In response to this unusual circumstance, some industry leaders have been working on a cattle set aside program which in recent weeks has been gaining momentum. The program suggested would pay the owners of feeder cattle to keep them on a maintenance diet for 75 days. The thought behind the program is that it would compensate feedlots for their extra expenses in keeping cattle longer in order to allow the bottleneck at processing plants to gradually ease.
Past Nebraska Cattlemen Association President Troy Stowater says a group called the Beef Alliance championed the concept and has done much of the legwork. He is also a member of the National Cattlemen’s Beef Association working group which has also been looking at the mechanics of the program, which would pay producers to put cattle on a maintenance ration for 75 days.
“The number that has been thrown out there is $2.90 per head per day, and those cattle would go on a maintenance diet so they aren’t gaining a lot of weight during that time period,” he says.
The hope is that will allow processors time to get chain speed back at capacity and catch up, thus gradually easing the backlog of cattle.
They think it will take until September to work through the animals that are backed up, even with weekly cattle slaughter near normal levels. Stowater says they are hoping to avoid a train wreck.
“We want to be able to manage if we’re behind on marketings, we want a tool other than euthanasia. We think its important for the optic that we’re here to feed the hungry. We know there are people that are hungry and so to destroy food is not something we would embrace at this point,” he says.
The set aside would be part of a second COVID-19 aid package, and cattle producers are currently lobbying Congress to have it included in the HEROES Act. So far, the cost has been estimated at around $300 million. Stowater says that is a small amount considering the amount of money that has already been paid out in the stimulus program.
“It’s not a real high dollar program," he says. "The challenge is, you know, I don’t have a lot of faith in USDA today to do anything in a timely manner.”
He says without timely marketing, the supply bottleneck will become worse.
Not all cattle producers agree with the approach. Past South Dakota Cattlemen’s Association President Todd Mortenson says while it will be painful, he thinks the industry needs to work through the supply hiccup. “
We know what we’ve got in front of us, we know that we’ve got to get through it. Let’s get through it. Let’s not artificially slow it down and drag it out, let’s just bite the bullet and get it over with,” he says.
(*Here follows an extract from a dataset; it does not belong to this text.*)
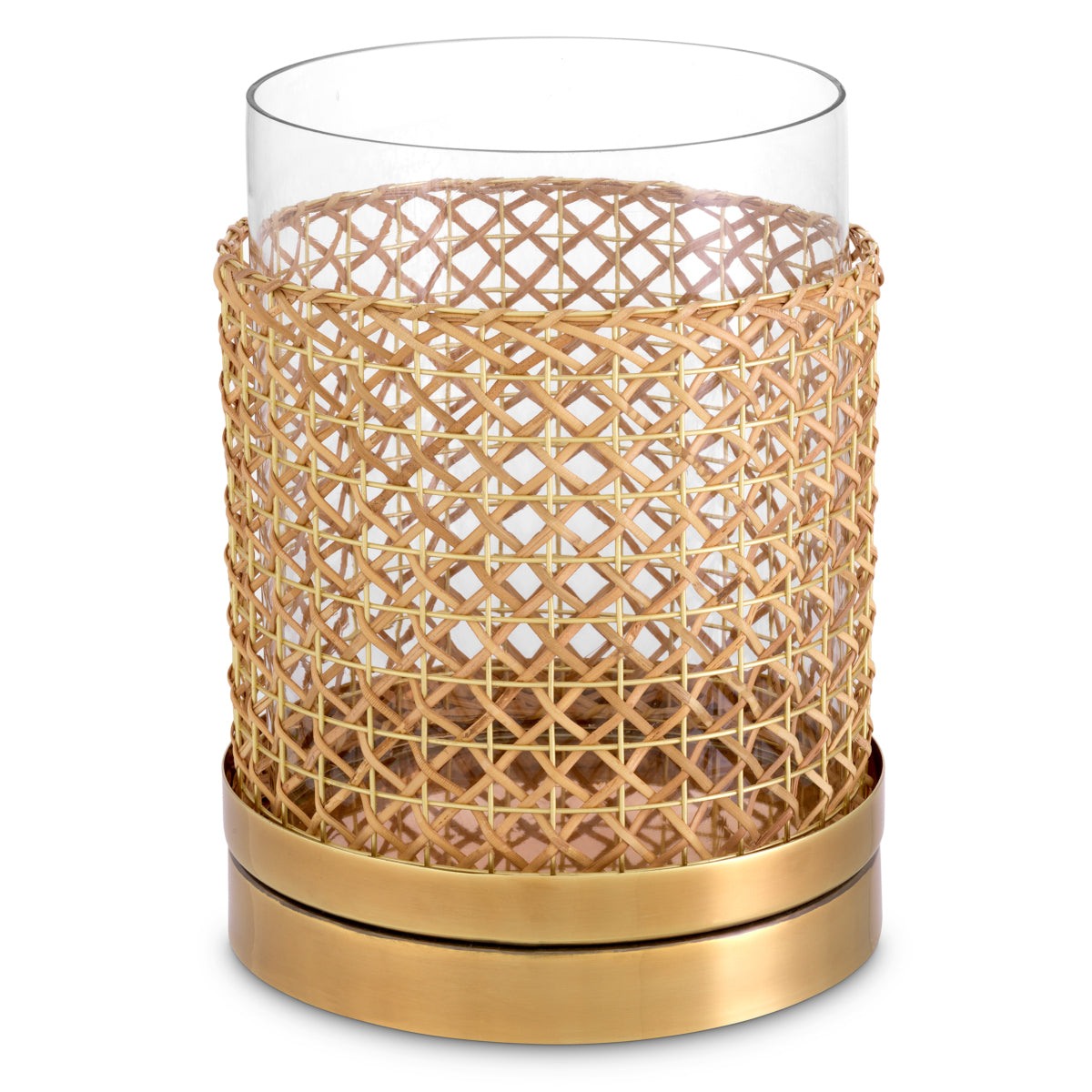 Lattice Rattan Hurricane Zimmerman | Eichholtzmh.com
He says while these cattle that weren't hedged are losing money, there are producers that have made some pretty good money from cattle that were hedged. Plus, he says the packing plants are back up to weekly slaughter capacity of 650,000-plus head a week and demand is picking up, which will help move the cattle through the supply chain.
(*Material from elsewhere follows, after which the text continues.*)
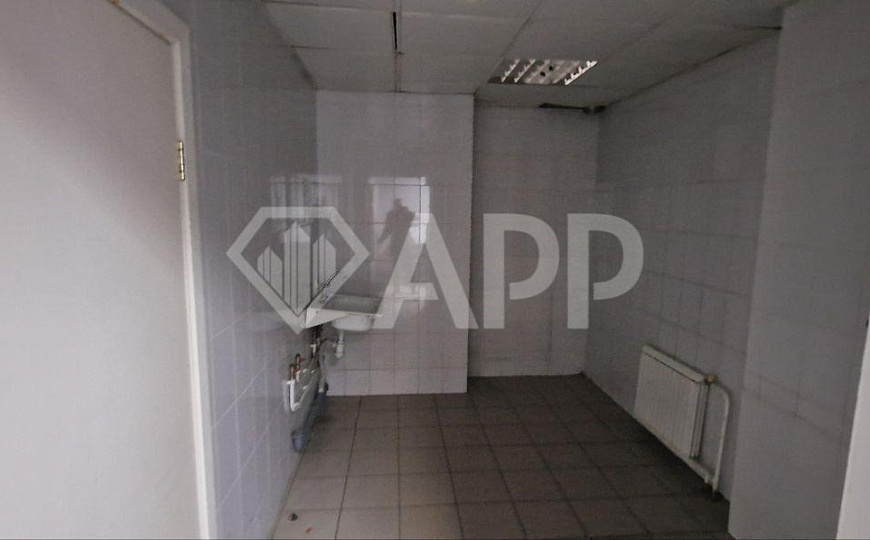 Трафик/Жилой массив/Свободного назначения, 128 м² фото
Stowater says the set aside is attracting interest but admits they don’t have any lawmakers that have stepped forward to introduce the bill. Sen. Mike Rounds, R-S.D., says Congress has been more focused on COVID-19 response and getting meat products to consumers. He says lawmakers in cattle country understand the challenge producers are facing and the need to slow production with supply chains backed up. However, Rounds says when consumers are facing a shortage of product it is a fine line to walk.
“We’ve got to be careful how we work that through because we’ve got to be able to explain to folks that we’re not trying to slow down the production because we’ve got too much getting to them. Its that we have to be able to match the ability of our packers who have to be able to get their plants back up and operating when they have a shortage of workers due to the COVID-19 pandemic,” he says.
Rounds also thinks things that should be addressed by the U.S. Department of Agriculture through existing programs.